Legal support for selling a business

Legal Support When Selling a Business

It’s never too soon to ask whether you’re building a business that has real value and will appeal to a future buyer. As the famous phrase from Stephen Covey goes: “begin with the end in mind.”

The goal of entrepreneurship is to someday reap the benefits of hard work, but too often short-term needs and short-sighted actions can diminish future value.

The attorneys at Hunter Business Law include an attorney with CPA credentials, an attorney with a masters in tax, and attorneys with years of securities, and mergers and acquisitions (M&A) experience. In addition, we work with a vast community of advisors, including M&A advisors, valuation experts, financial planners, and CPAs. Together we will help you ascertain and execute short-term and long-term goals designed to achieve success (as you define it) when you are ready to sell your business.

To learn more about our M&A experience click HERE, or read “A Look Under the Hood: Is Your Business Ready for a Buyer’s Due Diligence?”
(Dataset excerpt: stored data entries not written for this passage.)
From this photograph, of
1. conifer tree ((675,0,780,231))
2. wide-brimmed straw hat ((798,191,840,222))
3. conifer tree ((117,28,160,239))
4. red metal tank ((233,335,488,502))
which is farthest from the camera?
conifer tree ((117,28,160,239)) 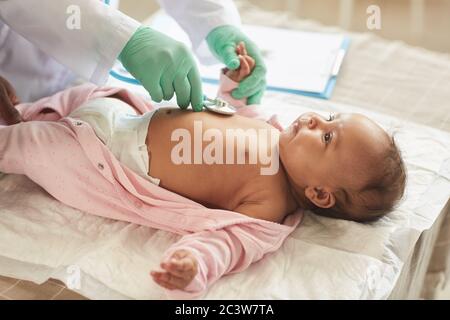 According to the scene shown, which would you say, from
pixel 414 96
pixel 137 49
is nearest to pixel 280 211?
pixel 137 49

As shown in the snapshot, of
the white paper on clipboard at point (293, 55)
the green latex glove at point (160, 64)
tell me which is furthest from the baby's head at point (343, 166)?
the white paper on clipboard at point (293, 55)

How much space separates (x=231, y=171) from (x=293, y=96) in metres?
0.51

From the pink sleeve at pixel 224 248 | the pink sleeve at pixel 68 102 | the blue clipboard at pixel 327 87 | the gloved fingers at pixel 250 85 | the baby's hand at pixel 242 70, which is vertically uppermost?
the baby's hand at pixel 242 70

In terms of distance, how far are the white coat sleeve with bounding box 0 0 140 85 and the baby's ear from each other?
1.47 feet

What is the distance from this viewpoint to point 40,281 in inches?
41.7

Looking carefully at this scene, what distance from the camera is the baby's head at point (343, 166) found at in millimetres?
1087

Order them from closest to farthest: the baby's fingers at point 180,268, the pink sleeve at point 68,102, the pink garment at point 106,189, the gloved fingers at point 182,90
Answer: the baby's fingers at point 180,268 < the pink garment at point 106,189 < the gloved fingers at point 182,90 < the pink sleeve at point 68,102

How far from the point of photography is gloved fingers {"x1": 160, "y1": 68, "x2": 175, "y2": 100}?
1.18 metres

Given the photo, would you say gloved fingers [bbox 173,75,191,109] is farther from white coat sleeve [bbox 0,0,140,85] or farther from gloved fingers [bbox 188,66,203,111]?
white coat sleeve [bbox 0,0,140,85]

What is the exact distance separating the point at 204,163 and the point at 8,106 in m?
0.43

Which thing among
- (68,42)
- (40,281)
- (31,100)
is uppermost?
(68,42)

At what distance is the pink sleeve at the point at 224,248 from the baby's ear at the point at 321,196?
7 cm

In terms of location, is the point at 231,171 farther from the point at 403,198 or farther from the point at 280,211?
the point at 403,198

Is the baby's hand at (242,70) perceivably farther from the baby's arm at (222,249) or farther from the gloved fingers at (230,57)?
the baby's arm at (222,249) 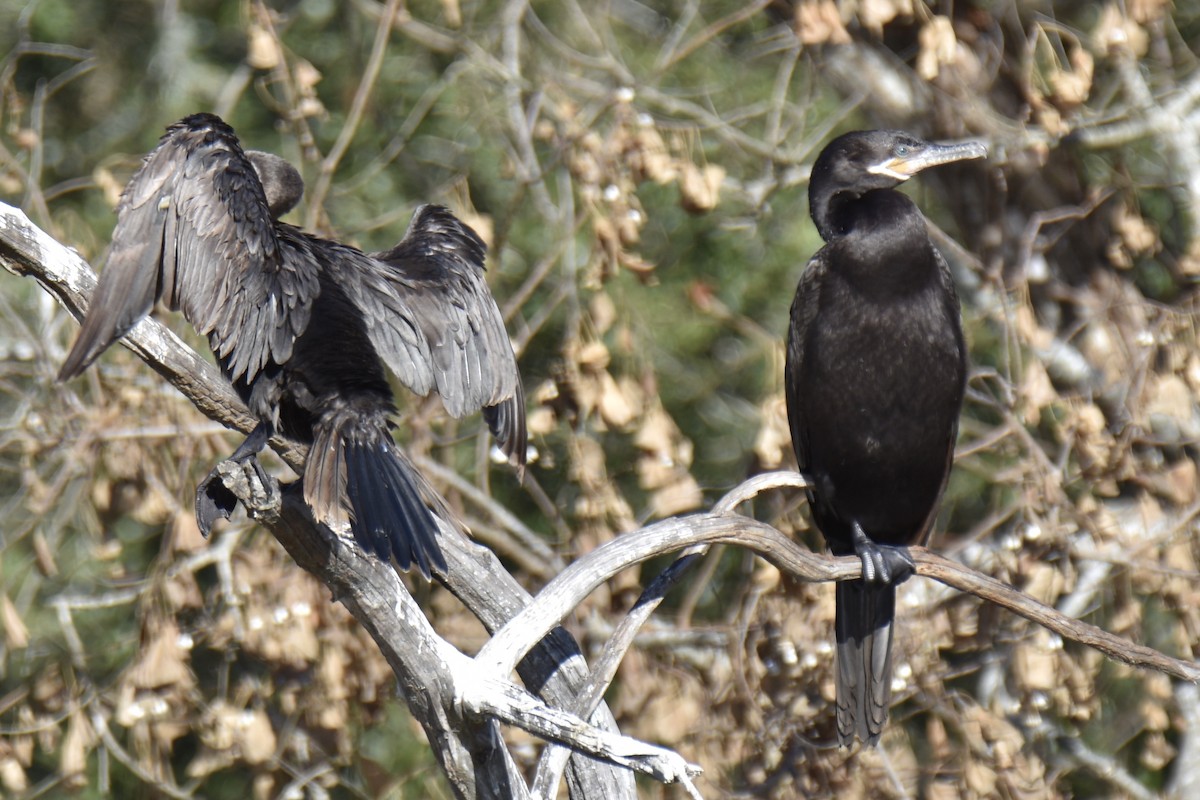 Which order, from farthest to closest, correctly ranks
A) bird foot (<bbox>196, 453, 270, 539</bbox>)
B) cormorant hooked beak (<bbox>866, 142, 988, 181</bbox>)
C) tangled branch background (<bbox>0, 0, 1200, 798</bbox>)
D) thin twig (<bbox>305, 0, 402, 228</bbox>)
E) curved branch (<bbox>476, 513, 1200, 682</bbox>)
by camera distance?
thin twig (<bbox>305, 0, 402, 228</bbox>)
tangled branch background (<bbox>0, 0, 1200, 798</bbox>)
cormorant hooked beak (<bbox>866, 142, 988, 181</bbox>)
bird foot (<bbox>196, 453, 270, 539</bbox>)
curved branch (<bbox>476, 513, 1200, 682</bbox>)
Representative Transactions – Selling Businesses

  • Represented multiple affiliated companies in the buyout of an existing owner.
  • Represented the buyer in the purchase of a digital branding company.
  • Represented the buyer in the purchase of an engineering company.
  • Represented 180byTwo, a leading Account-Based Marketing Technology, and Audience Solutions Company based in Clearwater, Florida, in its sale to a private equity backed, out-of-state buyer for an undisclosed amount. Learn more about the transaction HERE.
  • Represented a private digital commerce consultancy company in a multi-million-dollar deal regarding the sale of company assets to a strategic buyer.
  • Represented strategic buyer in the purchase of medical services practice.
  • Represented investment bank representing the seller, in the sale of a specialty chemical adhesives manufacturer to AEA Investors backed portfolio company PLZ Aerosciences, Inc. for an undisclosed amount.
  • Represented a publicly listed company in a cross-border transaction associated with the sale of a controlling interest. Duties included reviewing the share purchase agreement, assisting in valuation analysis and corporate governance issues for board of directors and shareholder approval; liaison with counsel for an international buyer and coordinating multi-national legal team.
  • Represented seller of a multi-location medical practice to a private equity-backed buyer. Duties included reviewing the asset purchase agreement; verifying accuracy of schedules; managing due diligence document production to buyer; coordinating assorted items with seller’s management; drafting and reviewing employment agreements, side letter indemnification agreement, closing documents, and other related transaction documents.
  • Represented seller of a large insurance practice to a private equity-backed buyer. Duties included reviewing the asset purchase agreement; verifying accuracy of schedules; managing due diligence document production to buyer; coordinating assorted items with seller’s management; drafting and reviewing employment agreements, closing documents, and other related transaction documents.
  • Represented seller of an international automotive accessories manufacturer to a private equity-backed manufacturing company. Duties included drafting and reviewing the asset purchase agreement; verifying accuracy of schedules; managing due diligence document production to buyer; coordinating assorted items with seller’s management; drafting and reviewing employment agreements, side letter indemnification agreement, closing documents, and other related transaction documents.